More Catholics encouraged to become public safety chaplains

CHAPIN—Deacon Greg Weigold has launched an effort to draw people into a statewide ministry that he has been a part of in the Columbia area for the past six years.

Deacon Weigold, from Our Lady of the Lake parish, met Deacon Ron Anderson at what is now the Basilica of St. Peter and was first introduced to the chaplaincy program. Deacon Anderson is currently a chaplain at the Richland County Sheriff’s Office.

“He kind of talked me into it,” Deacon Weigold said, noting that he also received a nudge from the late Msgr. Joseph Roth.

Msgr. Roth, who passed away in 2011, was a chaplain and volunteer firefighter with the Sullivan’s Island Fire Department in the early 1990s. He was the first Catholic priest to become chaplain of the South Carolina Firemen’s Association and the Fire Chief’s Association, and in 2007 was named the first Catholic priest to the state Firefighters’ Hall of Fame.

“He was the state fire chaplain for a long time and whenever I saw him, I would say to myself, ‘I could do something like that’,” Deacon Weigold said. “He first put the idea in the back of my mind.”

 Deacon Weigold has a long history of public service, including 14 years in law enforcement in New Jersey, four years in firefighting, and four years in civil air patrol in S.C.  

He learned early in his chaplaincy that the program in South Carolina is “kind of a closed community … I had to kind of dig around, call, email, kind of keep at it.”

Finally, he contacted the Chapin Police Department. Working with the police chief, the two put together a manual for the chaplain position, and within a year Deacon Weigold was installed as the department’s first chaplain. Now, five years later,  he’s still there.

 Deacon Weigold said public service chaplains are more common in large communities.
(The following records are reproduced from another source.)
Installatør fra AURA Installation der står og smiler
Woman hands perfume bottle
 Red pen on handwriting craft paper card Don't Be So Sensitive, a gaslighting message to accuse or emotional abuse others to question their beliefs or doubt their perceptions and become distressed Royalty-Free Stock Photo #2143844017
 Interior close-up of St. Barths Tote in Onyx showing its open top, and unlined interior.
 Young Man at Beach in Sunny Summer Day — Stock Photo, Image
Columbia’s police department currently has a half-dozen chaplains, while the Richland and Lexington County sheriff’s offices each have close to a dozen.

The deacon said people don’t know chaplains exist because generally they work behind the scenes.

“The only time most people meet a police or fire chaplain is typically when they are making a death notification,” he said.

A normal day includes riding with officers on patrols and striking up conversations to “give them the chance to get stuff off their chest, whether it’s about stuff going on in the department, their fellow officers, their wives, their kids, whatever. 

“We’re someone they can talk to who understands where they’re coming from, and who isn’t in the command structure.”

Chaplains also make themselves available to inmates, should they wish to talk,  Deacon Weigold said.

In the Lowcountry, the Coastal Crisis Chaplaincy and its 29 volunteer chaplains currently serve public service agencies in concert with the South Carolina Public Safety Chaplains Association, which provides chaplain training and support.

Deacon Weigold said as far as he knows, none of the volunteer chaplains in the Coastal Chaplaincy are Catholic. In fact, other than himself and Deacon Anderson, the only other Catholic chaplain he knows is Deacon John Tempesco, from Transfiguration Church in Blythewood. 

The small number of Catholics is a figure he would like to change, especially in the Lowcountry.

“You don’t have to be clergy to be a chaplain,” he said. “You don’t have to have experience in law enforcement, fire or EMS. There are a lot of Catholics living in the Charleston area, and it would be nice to have a couple of Catholic chaplains for Coastal Crisis Chaplaincy.”

Though volunteers are instructed not to evangelize while serving as public safety chaplains, “you are, simply by your presence,” he said.